> **DATASET EXCERPT**
* * *
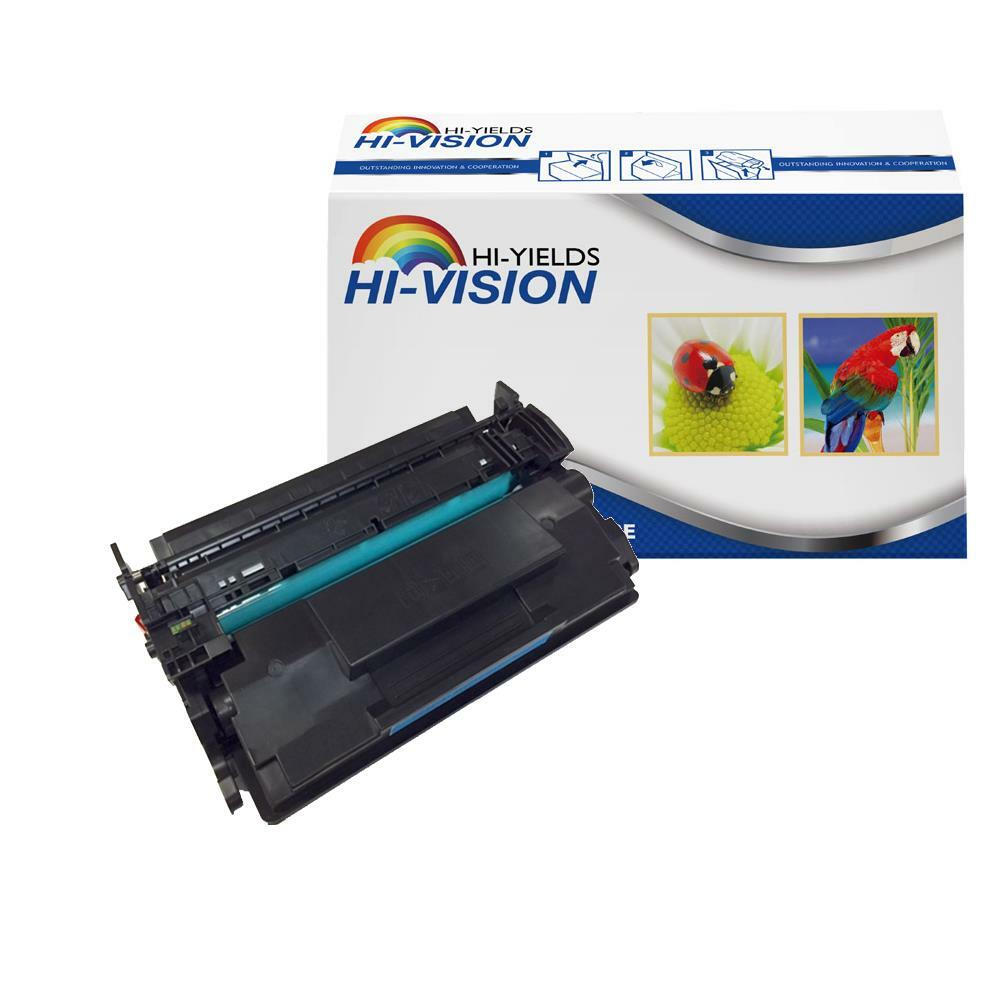 1pk toner replace for HP 87A LaserJet M506 M506x M527dn New 287A CF287A Black
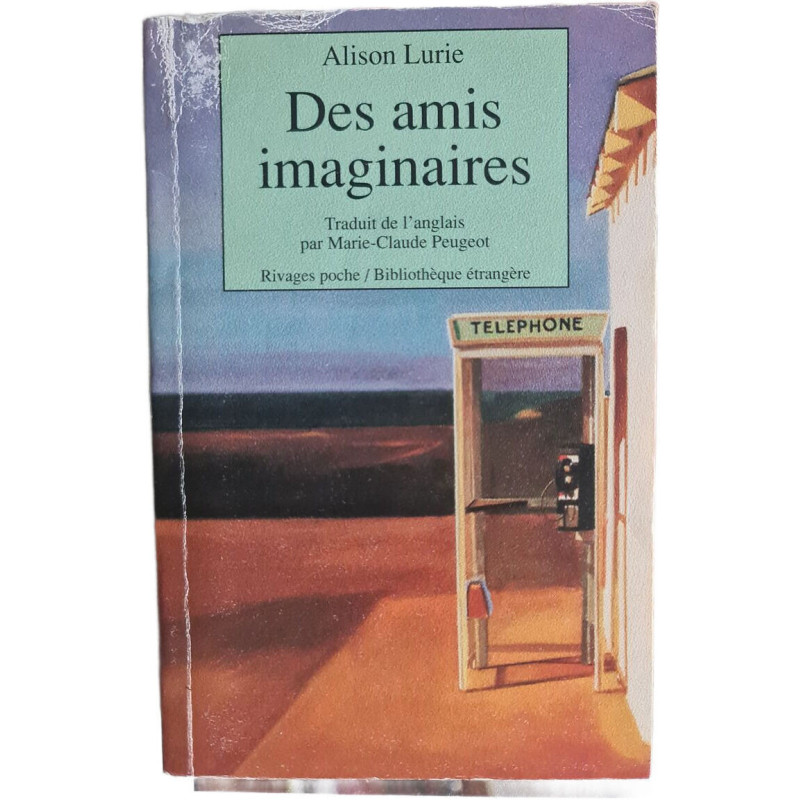 Des amis imaginaires
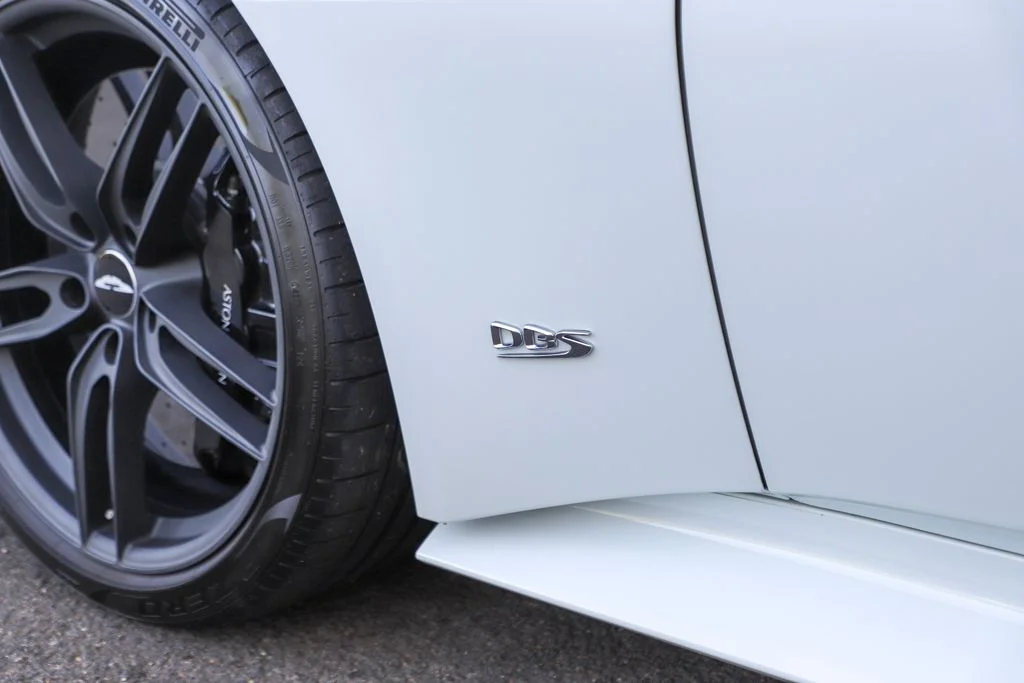 2019 Aston Martin DBS Superleggera Base - Photo 43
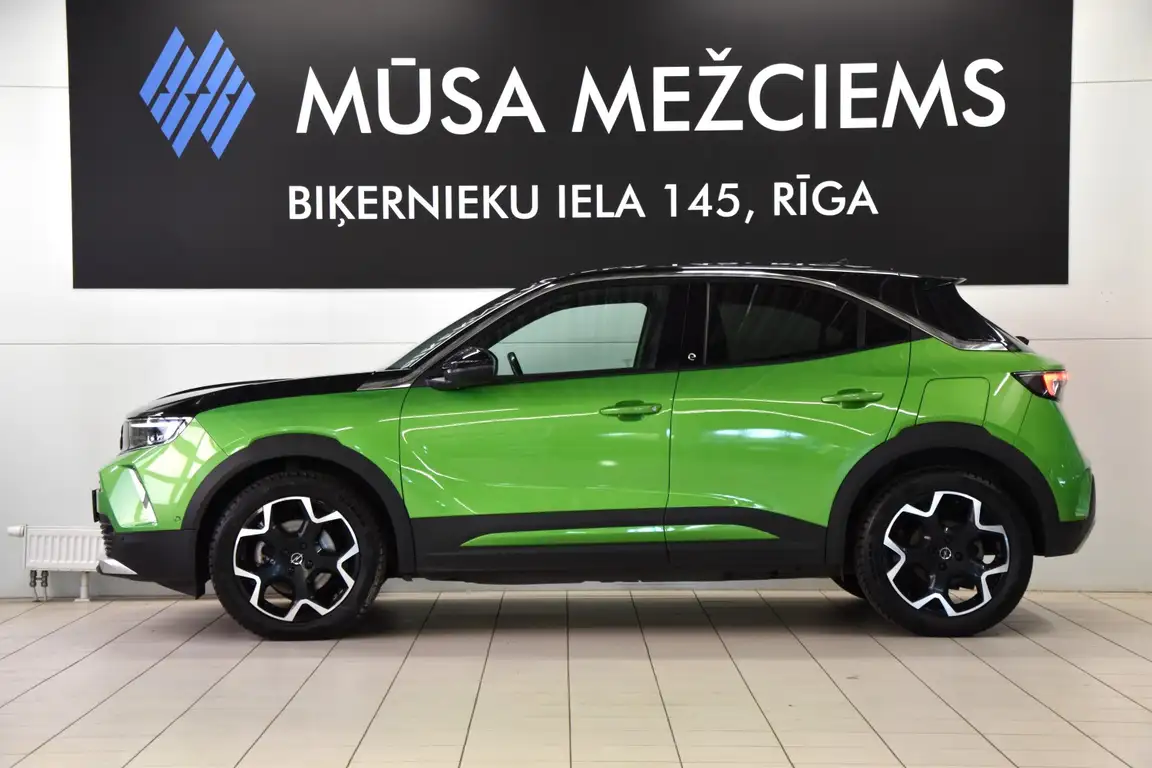 OPEL MOKKA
* * *
> **TASK TO COMPLETE**
Pictures are to be dropped, and the lines from the line with "Des amis imaginaires" through the end of the material above are to be reproduced exactly.

> **SOLUTION**
 Des amis imaginaires
 2019 Aston Martin DBS Superleggera Base - Photo 43
 OPEL MOKKA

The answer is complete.